Adjacent Words, Divergent Intents: Jailbreaking Large Language Models via Task Concurrency

TL;DR

This paper introduces a novel concurrency-based jailbreak method for large language models, revealing that concurrent task execution can bypass guardrails and pose new security risks, with experiments showing its effectiveness and stealthiness.

Contribution

The paper proposes a word-level method to enable task concurrency in LLMs and introduces JAIL-CON, an iterative framework that exploits concurrency to improve jailbreak success and stealth.

Findings

Concurrent tasks reduce filter effectiveness against harmful content.

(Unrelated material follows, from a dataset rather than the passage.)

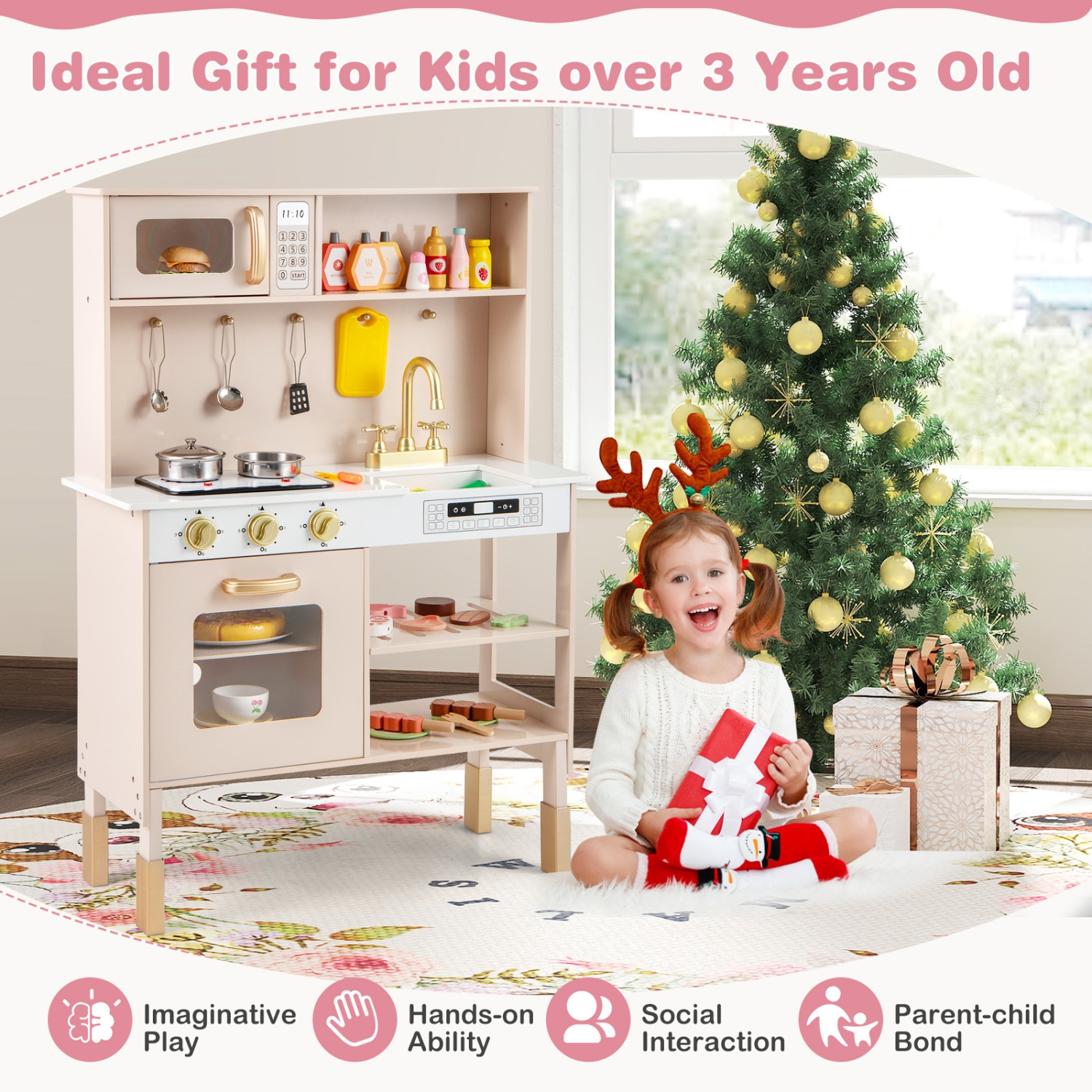 Gymax Height Adjustable Play Kitchen Wooden Kitchen Playset w/ Real Lights & Sounds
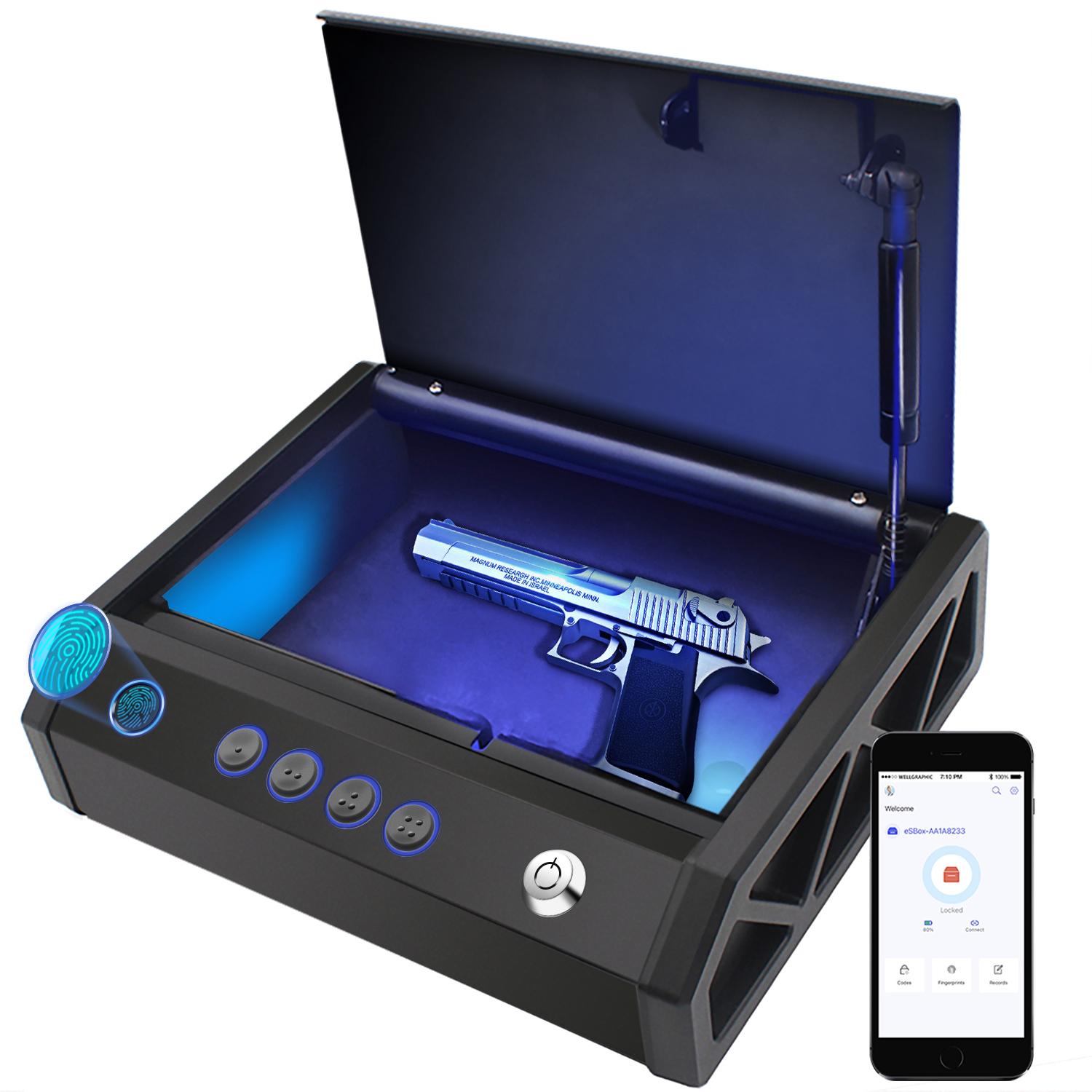 Gun Safe, Pistol Safe Handgun Safe with Fingerprint Identification and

JAIL-CON outperforms existing jailbreak methods in success rate.

Concurrent answers are less detectable by guardrails.

Abstract

Despite their superior performance on a wide range of domains, large language models (LLMs) remain vulnerable to misuse for generating harmful content, a risk that has been further amplified by various jailbreak attacks. Existing jailbreak attacks mainly follow sequential logic, where LLMs understand and answer each given task one by one. However, concurrency, a natural extension of the sequential scenario, has been largely overlooked. In this work, we first propose a word-level method to enable task concurrency in LLMs, where adjacent words encode divergent intents. Although LLMs maintain strong utility in answering concurrent tasks, which is demonstrated by our evaluations on mathematical and general question-answering benchmarks, we notably observe that combining a harmful task with a benign one significantly reduces the probability of it being filtered by the guardrail, showing the potential risks associated with concurrency in LLMs. Based on these findings, we introduce $\texttt{JAIL-CON}$, an iterative attack framework that $\underline{\text{JAIL}}$breaks LLMs via task $\underline{\text{CON}}$currency. Experiments on widely-used LLMs demonstrate the strong jailbreak capabilities of $\texttt{JAIL-CON}$ compared to existing attacks. Furthermore, when the guardrail is applied as a defense, compared to the sequential answers generated by previous attacks, the concurrent answers in our $\texttt{JAIL-CON}$ exhibit greater stealthiness and are less detectable by the guardrail, highlighting the unique feature of task concurrency in jailbreaking LLMs.